So, week 2 of the next 12-week writing class has just wrapped up, mercifully feeling shorter than the full 4.5 hours that it lasts. I think I like my teacher a lot, although she scares me. I feel like she's going to know if I'm phoning it in, then she will give me a laser stare that permeates my soul and darker intents. I'm actually piping up in class, even, because I want her to perceive me as fully engaged.
But I noticed last week that she does this nice thing where she takes students aside after class to give them comments, praise, support, or helpful suggestions. I know I mentioned that we're supposed to be using our lives to mine for nonfiction material, around which we develop scenes for the semester. This week, I flew by the seat of my pants with some in-class writing. After tossing a few things around in my head that felt kind of static, I started in a scene that actually happened and from there ended up conflating some things that have happened to me and integrating from others. When I read it aloud in class, I was surprised that it came out much better and more cohesively than I thought (we were doing some scene jumping and choosing different aspects to tell, so it really is a split-second thing that can turn out badly). There was a long pause after I finished reading, and when we got to the recall session, my teacher leaped in at the beginning to describe some of the scenes I set up. After class, she came up and told me that it was fabulous, that obviously she wasn't familiar with any of my other writing, but if I were considering this for my semester-long material, I had her with what I wrote. Which, you know, is quite awesome.

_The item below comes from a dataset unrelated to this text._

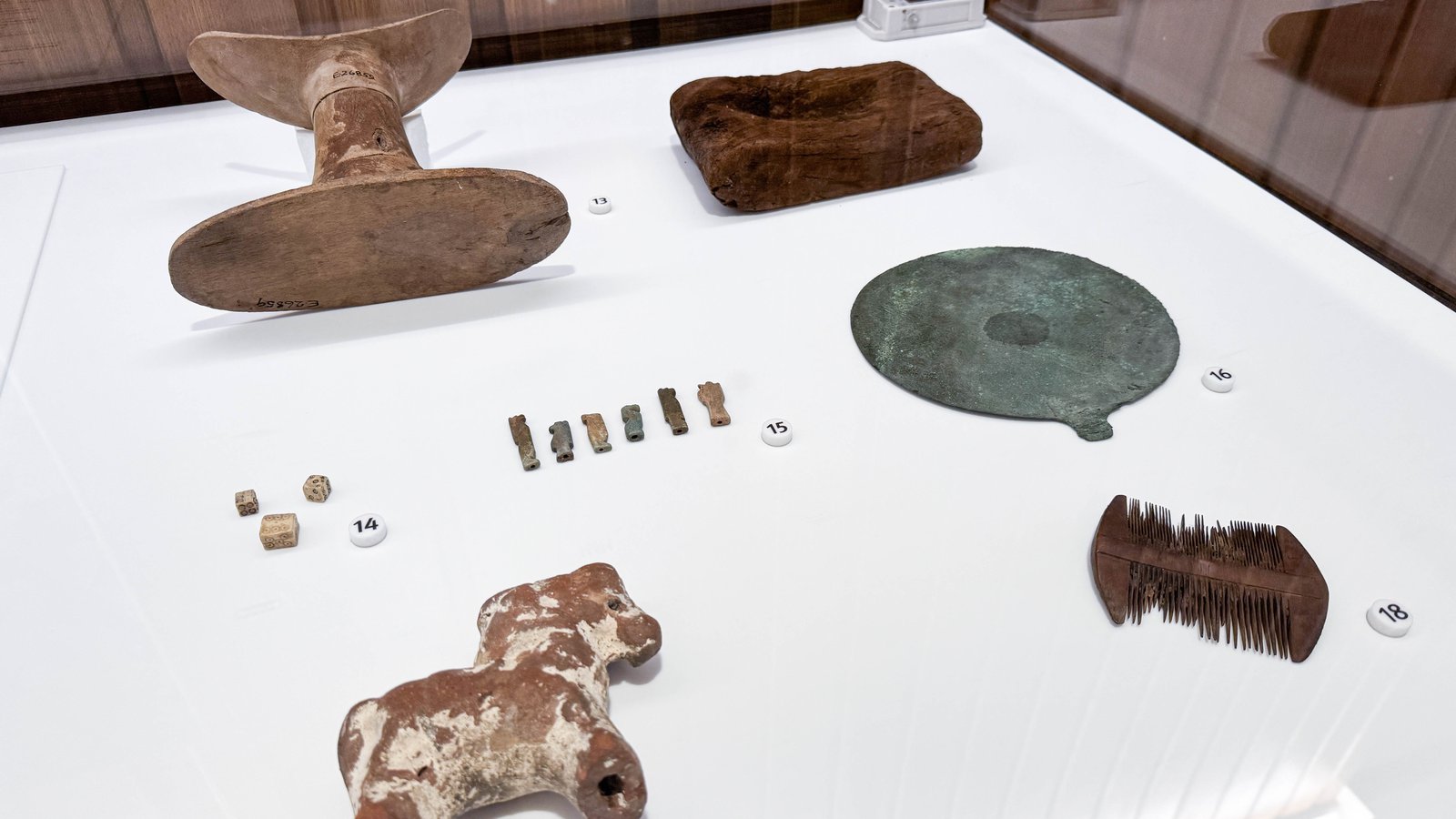 Australian Museum World Cultures Collection - Egypt in Australia display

And even my friend who had the less-positive experience last time around seems to be getting into the feel of the class and is pretty un-self-consciously doing some nice stuff. I think she's as afraid of our teacher as I am. Possibly we've graduated from our indulgent older brother to our stern mommy teacher models.
Anyway, all and all, it's very cool. I just hope I don't lose the good mojo by tossing off something dorky, thus making my teacher need to kick my ass.